DEV Community

Taisei
Taisei

Posted on

Generating scraper logic at runtime instead of writing it per site

pluckmd exists so an agent can pull blog posts into markdown, index them into a wiki, and generate interactive HTML to learn from. This post is about the first step, the part with no per-site code, because the design is the interesting bit.

If you want the practical side, how I actually use it day to day, I wrote that up separately: https://dev.to/taisei_ide/how-i-use-pluckmd-to-read-blogs-with-an-ai-agent-1jpe

pluckmd demo

It downloads articles from a blog without any per-site code. No handler for Medium, no handler for Substack, nothing keyed on a domain. Here's how that works.

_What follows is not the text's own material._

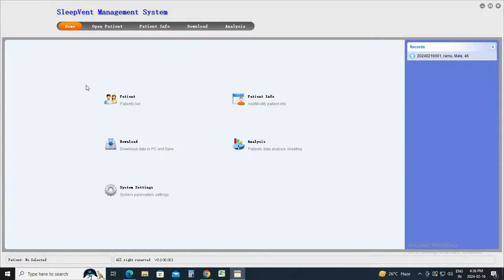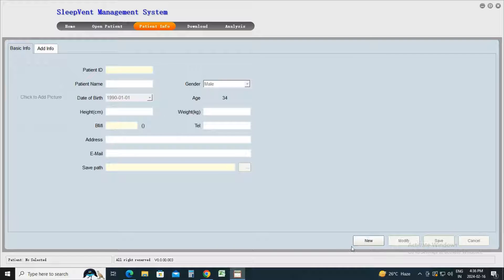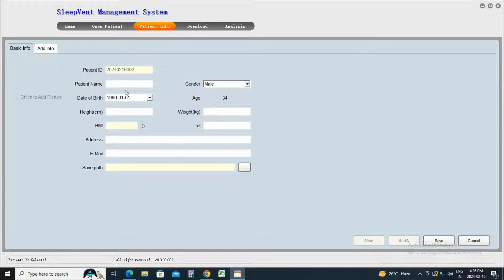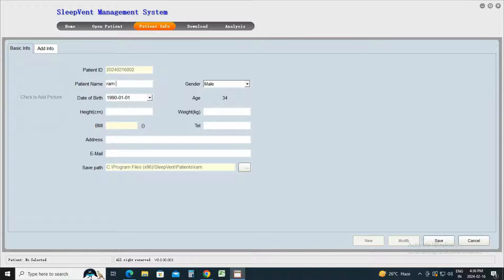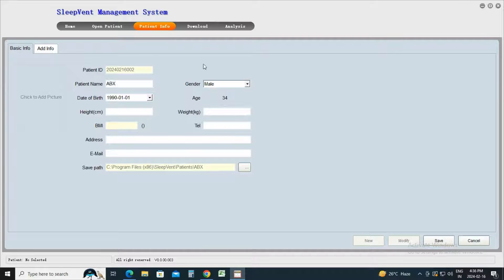Then, navigate to the Patient Info tab. To add patient information, click on the new tab and fill in the required details: patient name, date of birth, gender, age, weight, height, and address. Save the information by clicking on the Save button located at the bottom of the window.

The core idea: treat extraction as data, not code.

AdapterSpec

Instead of branching on which site you're on, pluckmd resolves an AdapterSpec. It's a plain object that says which selector finds article links, what the URL pattern looks like, and how pagination behaves.

interface AdapterSpec {
  listing:    ListingExtractionSpec;   // how to find article links
  article:    ArticleExtractionSpec;   // how to pull the body
  pagination: PaginationSpec;          // none | scroll | button-click | next-url | auto
  evidence:   string;
}
Enter fullscreen mode Exit fullscreen mode

Because it's data, the same shape can come from a heuristic, an LLM, an agent, or a person typing it by hand. They all produce the same thing, and they all go through the same checks.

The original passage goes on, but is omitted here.